I expect to settle her claim with Fireman’s Fund Insurance Companies for the policy limit of $100,000. Further, as this office has made clear in the past, I intend to seek additional compensation under the “underinsured” section of my client’s automobile insurance policy with Allstate. Consequently, I am now seeking approval from Allstate to settle this claim with Fireman’s Fund for the policy limit of $100,000.

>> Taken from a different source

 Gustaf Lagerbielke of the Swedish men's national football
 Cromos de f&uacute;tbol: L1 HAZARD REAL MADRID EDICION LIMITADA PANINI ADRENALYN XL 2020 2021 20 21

On August 19, appellant’s counsel forwarded a letter to Fireman’s Fund which stated:

[Sjince you have informed me that there would be a $100,000 offer made if I could document leg length difference, and since I have done so, it does not make sense to unnecessarily increase the parties’ litigation cost. I have provided this documentation to you over a month ago and have yet to receive the offer.
Please make this offer as soon as possible so that I may attempt to receive a written consent from Allstate Insurance Company which will enable my client to proceed under Allstate’s underinsured provisions. Since it appears that Allstate may be claiming that their policy may not cowr my client, I will either submit this issue to the American Arbitration Association and/or file a declaratory judgment action.

A copy of this letter was forwarded to, and received by, the appropriate persons at respondent’s offices.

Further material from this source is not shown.